Up to and including the line that contains "NOLA SUPER BOWL", reproduce every line exactly, beginning with the first line below.
*** Given material
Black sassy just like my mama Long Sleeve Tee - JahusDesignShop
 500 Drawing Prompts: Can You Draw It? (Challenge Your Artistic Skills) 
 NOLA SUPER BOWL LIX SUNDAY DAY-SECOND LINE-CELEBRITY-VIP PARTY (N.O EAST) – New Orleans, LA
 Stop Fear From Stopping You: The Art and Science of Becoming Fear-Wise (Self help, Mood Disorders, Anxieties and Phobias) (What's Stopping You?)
******
Task solution
Black sassy just like my mama Long Sleeve Tee - JahusDesignShop
 500 Drawing Prompts: Can You Draw It? (Challenge Your Artistic Skills) 
 NOLA SUPER BOWL LIX SUNDAY DAY-SECOND LINE-CELEBRITY-VIP PARTY (N.O EAST) – New Orleans, LA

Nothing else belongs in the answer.